Five DYFI workers lost their lives in police firing at Koothuparamba town in Kannur on this day in 1994.

24th anniversary of Koothuparamba firing When a protest turned into a killingSumesh MV Thayampoyil/Facebook
news Politics Sunday, November 25, 2018 - 16:44

For any politically conscious Keralite, the Koothuparamba firing is an unforgettable incident. For Left supporters, the death of the five workers of the Democratic Youth Federation of India (DYFI), the youth wing of the CPI (M), is still haunting.

Today, Kerala is commemorating the 24th anniversary of the brutal police firing that happened at Koothuparamba town in Kannur. Five youths lost their lives in one of the most infamous incidents in the political history of the state. The martyrs are KK Rajeevan, KV Roshan, V Madhu, Shibulal and Kunduchira Babu. Rajeevan was the DYFI district vice-president, Roshan was district secretariat member and Madhu, Shibulal and Kunduchira Babu were workers. Six other DYFI workers were also injured in the firing during a protest against commoditisation and privatisation of education.

What is the Koothuparamba firing?

It happened on November 25, 1994 when the DYFI had organised a protest against the educational policy – of granting government quota seats to the management – of the then United Democratic Front government led by the Congress. Police resorted to firing when the protesters blocked minister MV Raghavan, who was in town to inaugurate an event.

Raghavan was the then minister for cooperation and ports. Known as MVR, he had been a hardcore leader of the CPI (M), who later parted ways with the party.

“The time was 9 am. I reached Koothuparamba town. Comrades had just reached the protest venue. Once the district leaders also arrived, we suggested that the comrades assemble at one point. We reminded everyone that they should protest by waving black flags when the minister arrives. It was a Gandhian mode of protest and we had informed this to all the protesters. Hence everyone had black flags with them,” writes senior CPI (M) leader MV Jayarajan in a Facebook post.

The minister reached by 12 noon. He spoke for nearly 15 minutes and returned after a while amidst tight police security. The police deployed tear gas shells to disperse the protesters and began firing when the tear gas shells failed to disperse the mob. The firing lasted for two hours. As many as 2,000 DYFI workers were gathered for the protest.
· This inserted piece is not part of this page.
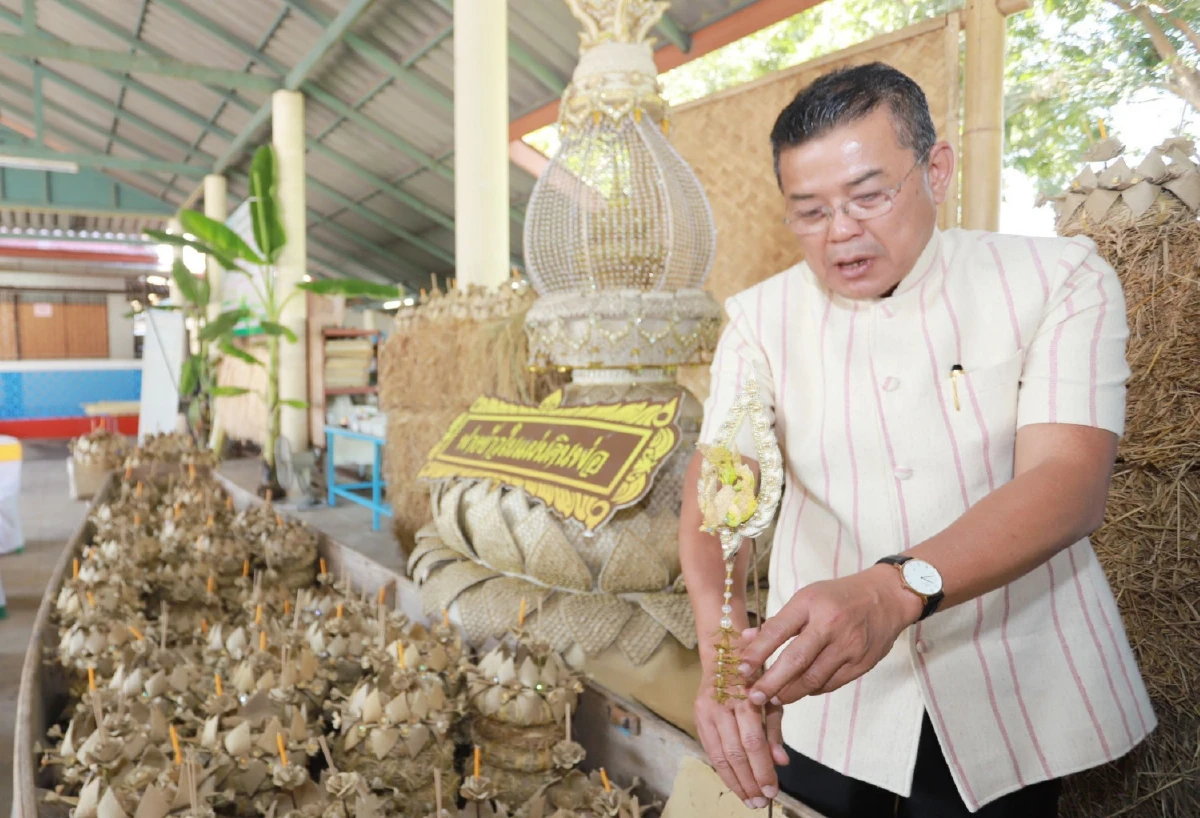 พ่อเมืองปทุมฯชอบใจกระทงรักษ์โลกทำจากฟางข้าววัสดุเหลือใช้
Minister Ramakrishnan, who had to preside over the function, kept away from it following information on the possibility of tensions.

“Koothuparamba town has become a sea of young people. Might be because it was an event to be attended by the minister and might be because the protest was announced in advance, but police personnel were deployed in large numbers. The sound of the firing and scattered bloodstains are still fresh in my mind as if it happened yesterday,” Jayarajan’s post further reads.

Currently private secretary to the Kerala Chief Minister Pinarayi Vijayan, MV Jayarajan was the state joint secretary of the DYFI then.

Living martyr

Pushpan of Chokli in Kannur survived the firing. But for the past 24 years he hasn’t been able to move from his bed by his own. A bullet hit his spinal cord during the firing, which has rendered him paralysed and bedridden since then.

In June 2012, the Kerala High Court quashed the murder charges framed against deputy collector TT Antony, IPS officer Ravada Chandrasekhar and four other police officials in connection with the firing. The court quashed the case on the grounds that necessary government sanction for prosecuting public officials was not obtained in the case.